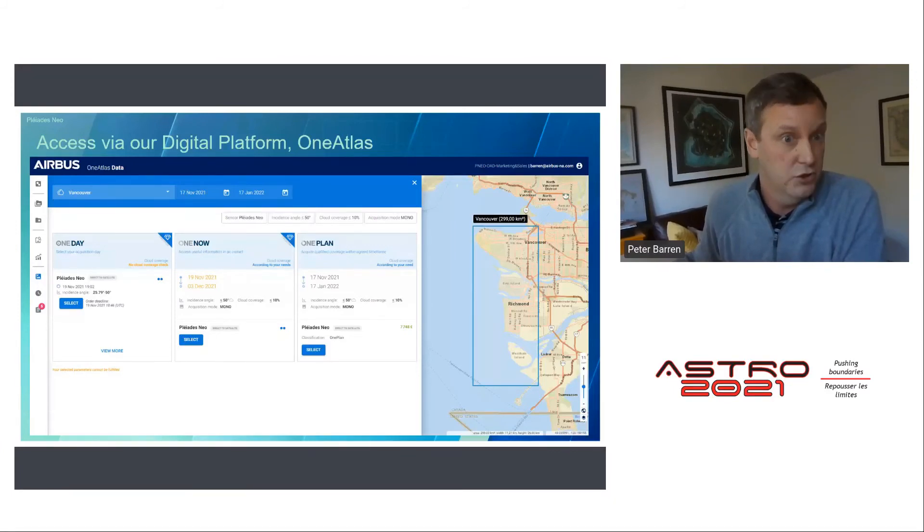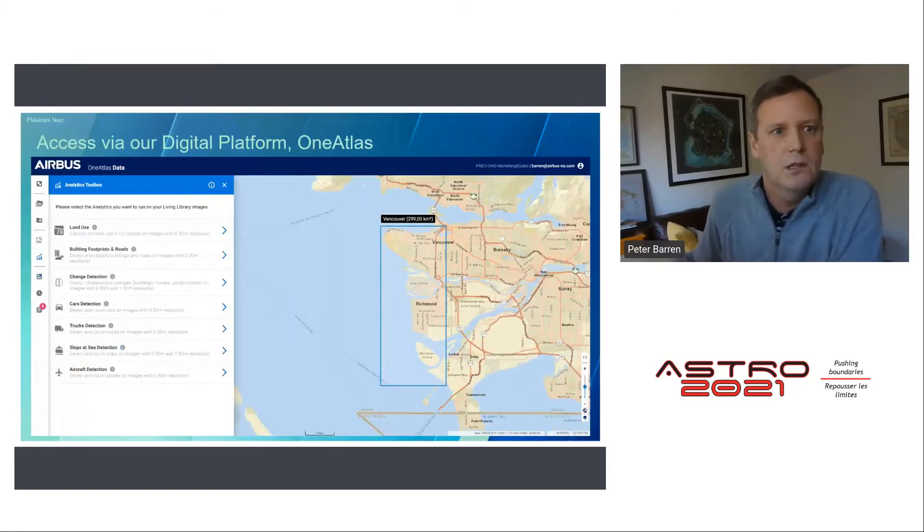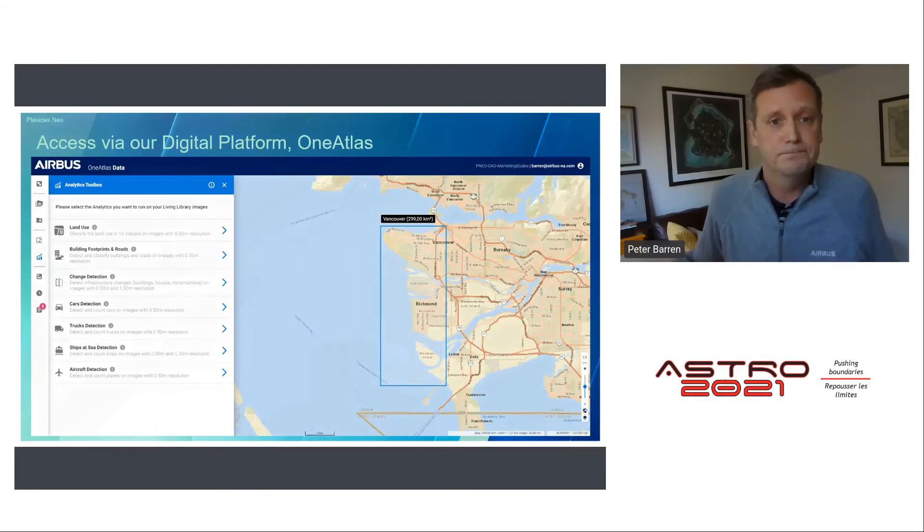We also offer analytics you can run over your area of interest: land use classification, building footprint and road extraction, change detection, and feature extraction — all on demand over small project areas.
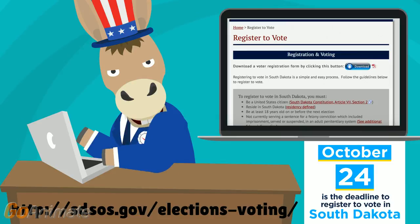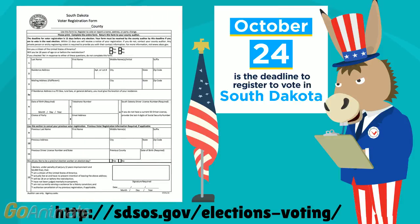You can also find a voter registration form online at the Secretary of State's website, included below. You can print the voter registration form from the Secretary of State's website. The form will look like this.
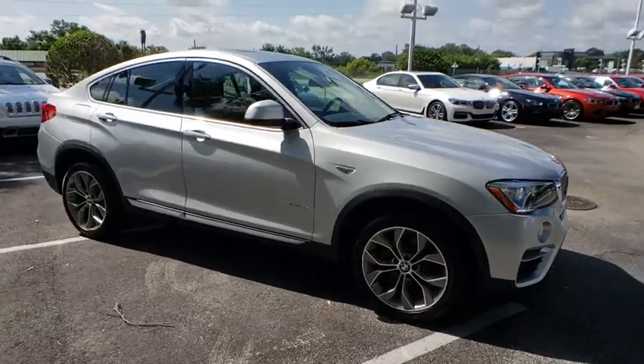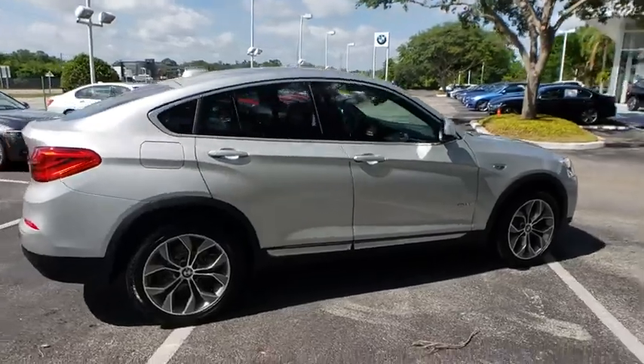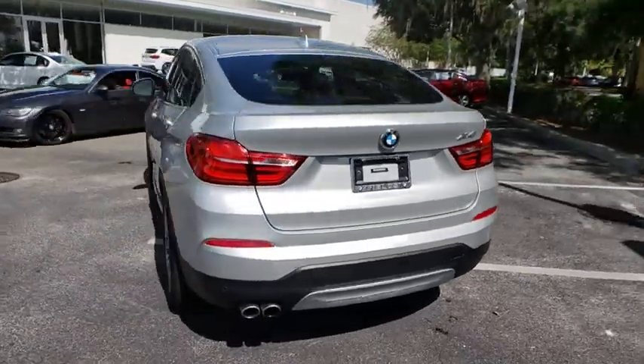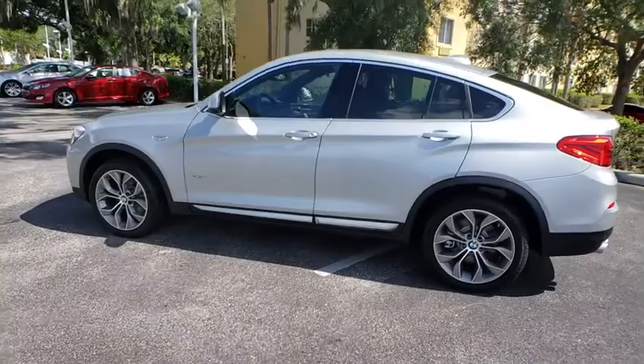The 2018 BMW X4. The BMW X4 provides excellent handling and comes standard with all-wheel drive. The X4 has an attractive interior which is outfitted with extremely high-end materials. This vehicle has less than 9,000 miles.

━━━━━━━━━━━━━━━━━━━━

▶ **What you should do**: Please, without any of the pictures, set down exactly the lines from the beginning of the listing to the line that contains "You can also", inclusive.

▶ **Task response**:
We also offer analytics you can run over your area of interest: land use classification, building footprint and road extraction, change detection, and feature extraction — all on demand over small project areas.
You can also find a voter registration form online at the Secretary of State's website, included below. You can print the voter registration form from the Secretary of State's website. The form will look like this.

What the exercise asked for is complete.